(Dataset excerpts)
= = = = =

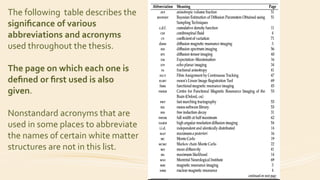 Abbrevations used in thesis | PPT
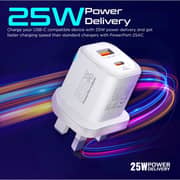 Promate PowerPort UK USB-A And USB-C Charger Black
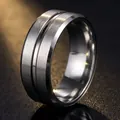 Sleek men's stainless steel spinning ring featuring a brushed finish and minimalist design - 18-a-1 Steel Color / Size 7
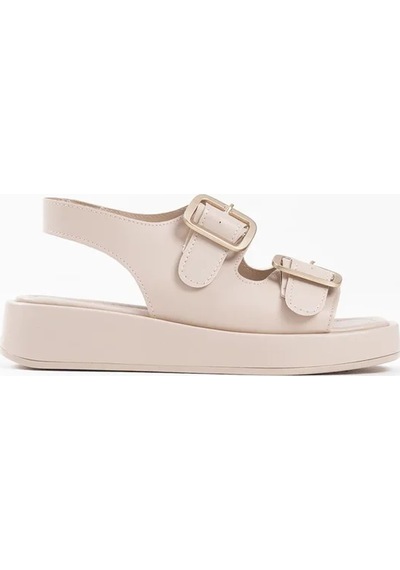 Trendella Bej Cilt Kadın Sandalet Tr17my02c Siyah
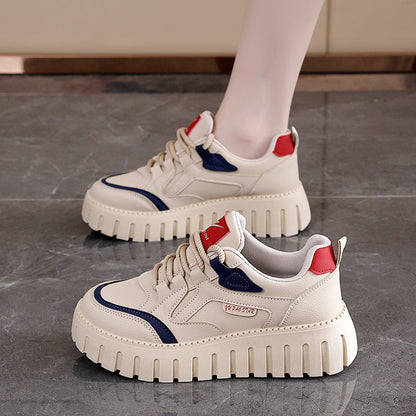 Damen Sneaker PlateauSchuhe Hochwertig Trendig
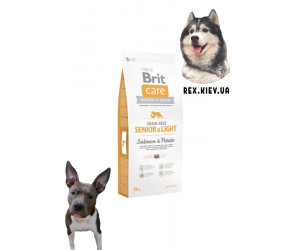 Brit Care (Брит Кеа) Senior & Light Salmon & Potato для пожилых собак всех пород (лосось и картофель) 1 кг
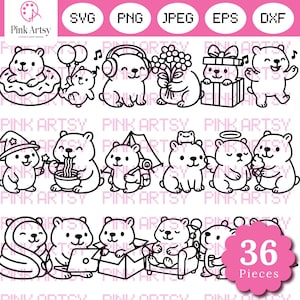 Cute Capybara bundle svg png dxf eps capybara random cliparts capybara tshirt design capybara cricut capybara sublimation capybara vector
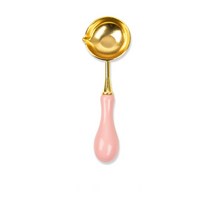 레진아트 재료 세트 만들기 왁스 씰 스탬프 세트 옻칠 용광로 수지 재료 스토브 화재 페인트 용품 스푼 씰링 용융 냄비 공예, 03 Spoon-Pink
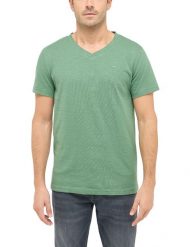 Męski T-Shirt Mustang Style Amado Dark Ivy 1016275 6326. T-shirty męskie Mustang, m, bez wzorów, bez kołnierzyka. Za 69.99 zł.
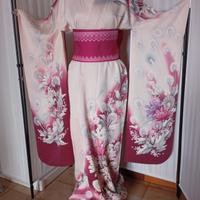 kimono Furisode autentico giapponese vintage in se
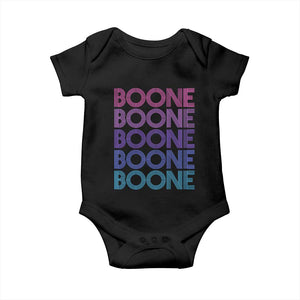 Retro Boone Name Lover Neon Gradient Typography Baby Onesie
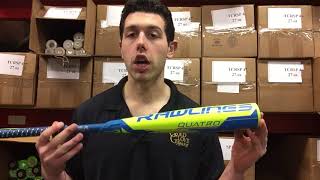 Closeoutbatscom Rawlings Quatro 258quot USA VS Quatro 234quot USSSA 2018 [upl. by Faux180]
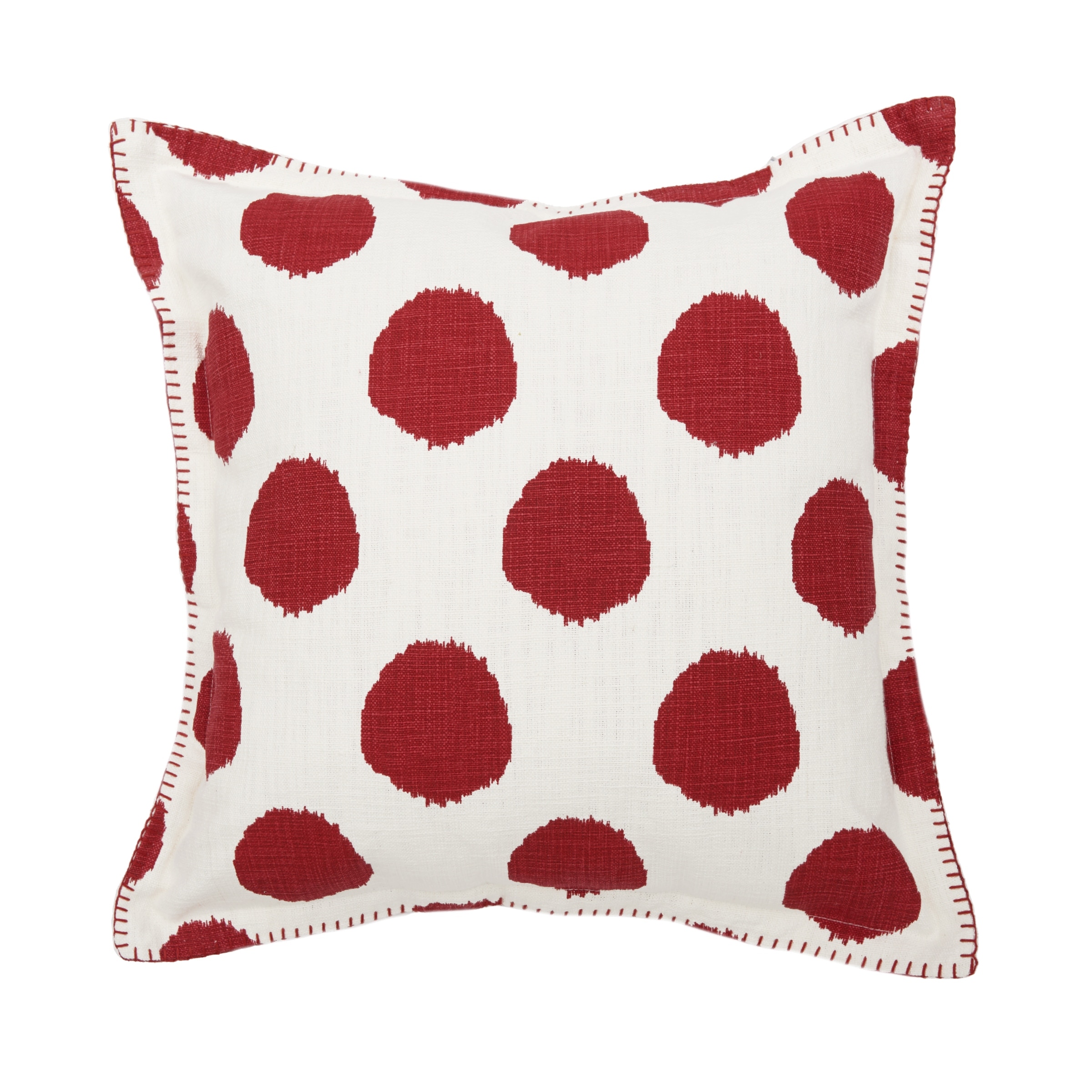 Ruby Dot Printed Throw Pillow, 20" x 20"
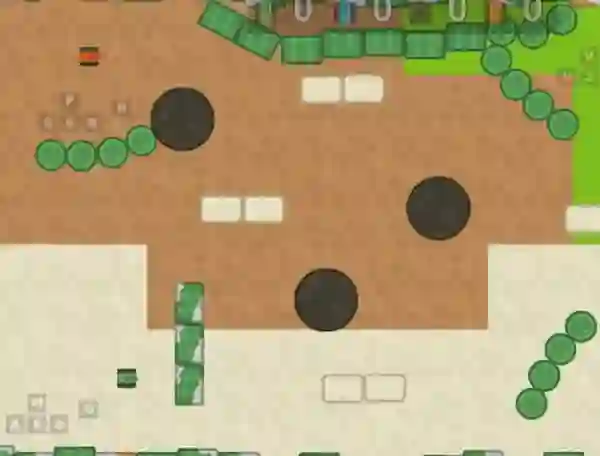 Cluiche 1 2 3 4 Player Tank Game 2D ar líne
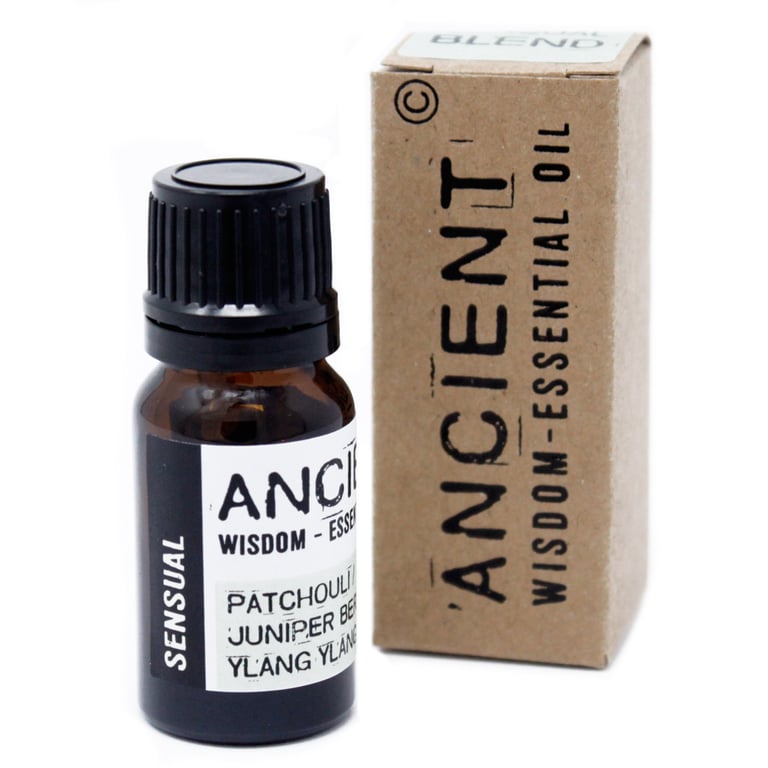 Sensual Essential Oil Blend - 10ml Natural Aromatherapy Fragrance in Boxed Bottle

= = = = =

**Your assignment**
Exact repeat, pictures omitted: give every line from the top of the records down to and including the line with "레진아트 재료 세트 만들기".

**Written solution**
 Abbrevations used in thesis | PPT
 Promate PowerPort UK USB-A And USB-C Charger Black
 Sleek men's stainless steel spinning ring featuring a brushed finish and minimalist design - 18-a-1 Steel Color / Size 7
 Trendella Bej Cilt Kadın Sandalet Tr17my02c Siyah
 Damen Sneaker PlateauSchuhe Hochwertig Trendig
 Brit Care (Брит Кеа) Senior & Light Salmon & Potato для пожилых собак всех пород (лосось и картофель) 1 кг
 Cute Capybara bundle svg png dxf eps capybara random cliparts capybara tshirt design capybara cricut capybara sublimation capybara vector
 레진아트 재료 세트 만들기 왁스 씰 스탬프 세트 옻칠 용광로 수지 재료 스토브 화재 페인트 용품 스푼 씰링 용융 냄비 공예, 03 Spoon-Pink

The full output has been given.